On the heels of Amazon’s success with Echo and Google’s launch of Home, Apple is preparing a standalone virtual helper apparatus, powered by Siri, based on a report in The Information. The report says that Apple may also open up Siri to third party programs.
This latter purpose is the important of both disclosures. According to the post:
Opening its Siri voice helper up to program programmers that are external is the measure that is immediate. Apple is preparing to release a software developer kit, or SDK, for program programmers who need their programs to be reachable through Siri, based on someone with direct knowledge of the effort.
As I’ve indicated before, this was the first vision for Siri: an intelligent front end for third party services, trades and content. Yet, after Apple purchased Siri, it essentially left that dream (aside from some of associate services). Competition is driving the business to return to that vision.
The post mentions “an individual with direct knowledge” of the proposal that “Apple has been working on the apparatus since before the $180 Echo started in mid-2015.” Apple is compelled to create an Echo like helper for multiple motives. One of them is the smart house that is emerging. These standalone helpers become controls and hubs for other apparatus — part of a smart-house ecosystem. (Microsoft will probably be next with a Cortana-established house apparatus.)
Siri cofounder Dag Kittlaus, now CEO of Viv, saw Siri expressly as the successor to conventional search. One of his goals was to remove the awkwardness of the SERP that is cellular telephone. Yet with its statement of Google Home last week, Mountain View ironically comes the closest to realizing Kittlaus’ vision up to now. I say that due to the integration of third party services from Spotify, Pandora, OpenTable, Uber, WhatsApp and Ticketmaster.
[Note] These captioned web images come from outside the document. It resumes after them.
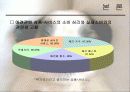 애견마케팅 15페이지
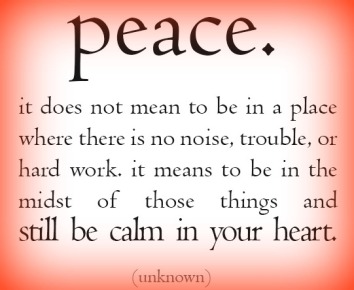 peace-it-does-not-mean-to-be-in-a-place-where-there-is-no-noise-trouble-or-hard-work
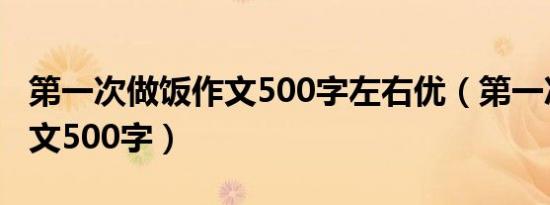 第一次做饭作文500字左右优（第一次做饭作文500字）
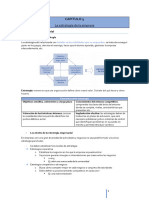 CAPÍTULO 3 La Estrategia de La Empresa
Google’s discussion of the “Google assistant” last week was also quite important because it ushers in a new age of “conversational search”:
The helper is conversational — an on-going two way dialogue between you and Google that can help you get things done and understands your universe. It makes it simple to purchase movie tickets while on the go, to find the ideal restaurant for your family allow you to browse to the theatre, and to snatch a quick bite before the film begins.
In the occasion it’s not clear, search in the future is ambient or “ fragmented.” It’s less about individual apparatus (the PC, the smartphone) and more about constant access to advice and abilities across devices (PC, smartphone, auto, wearable, smart hub).
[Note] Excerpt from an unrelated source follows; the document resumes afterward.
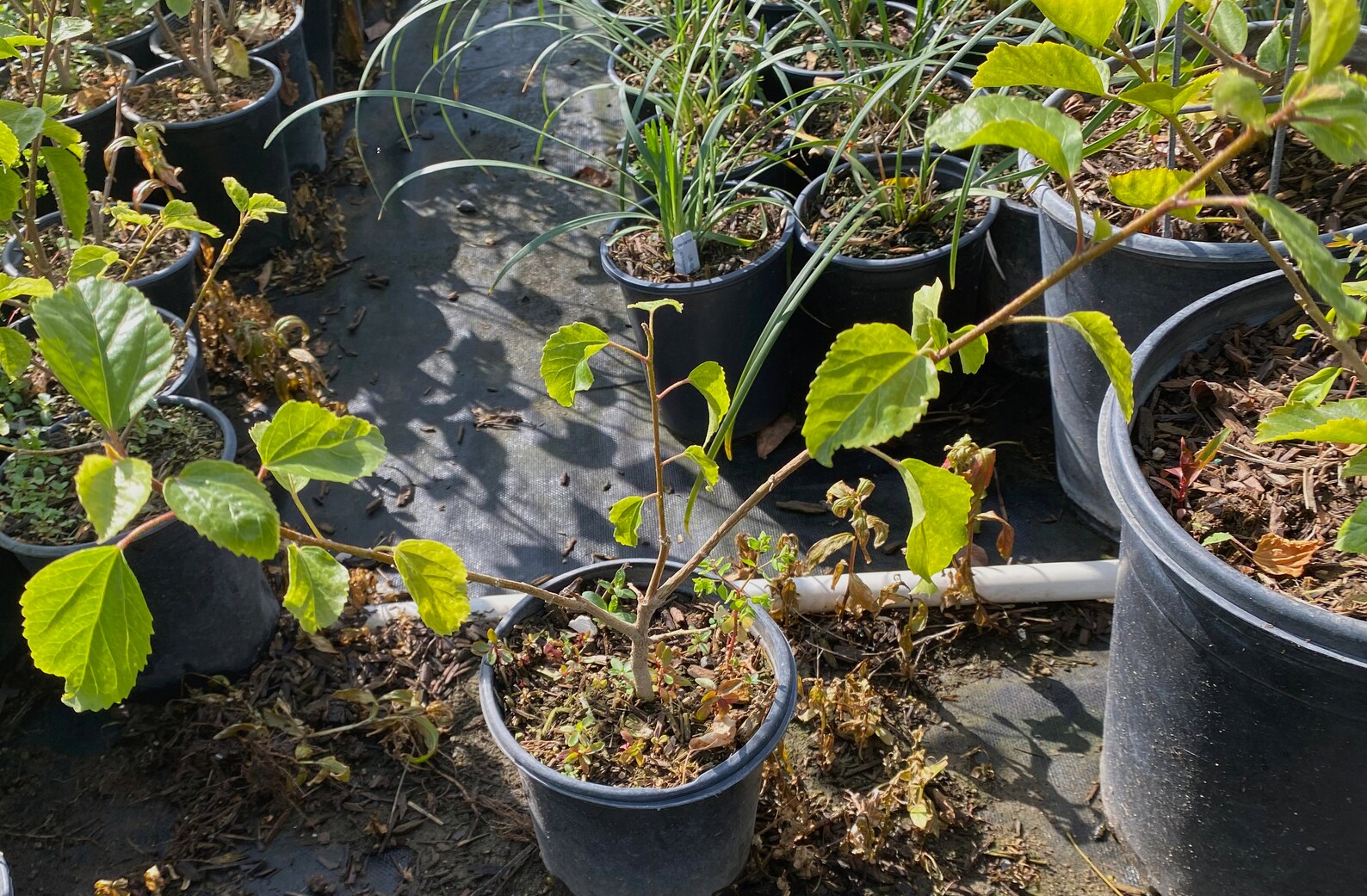 Hibiscus San Diego Red Hibiscus rosasinensis 'San Diego Etsy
Search is also less about “the SERP” and more about meeting immediate and particular needs or goals — including transactional requests (e.g., reserve a rental car). This isn’t to say the SERP vanishes completely or that SEO goes away — I’m likely unlikely to use Google House or Echo to shop for (as opposed to purchase) an oven — but in the assistant circumstance, “search results” are drastically changed. And SEO becomes something rather distinct from what it’s now.
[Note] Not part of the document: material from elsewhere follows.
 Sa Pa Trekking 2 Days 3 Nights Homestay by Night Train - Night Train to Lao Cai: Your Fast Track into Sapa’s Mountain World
Apparently, the Siri SDK will be announced WWDC, at Apple’s programmer summit.[embedded content]
About The Writer
Greg Sterling is a Contributing Editor at Search Engine Property. He writes a personal site, Screenwerk, around joining the dots between digital media and real world consumer behavior. He’s VP of Insights and Strategy for the Local Search Organization. Follow him on Twitter or locate him at Google+.
(Some pictures used under license from Shutterstock.com.)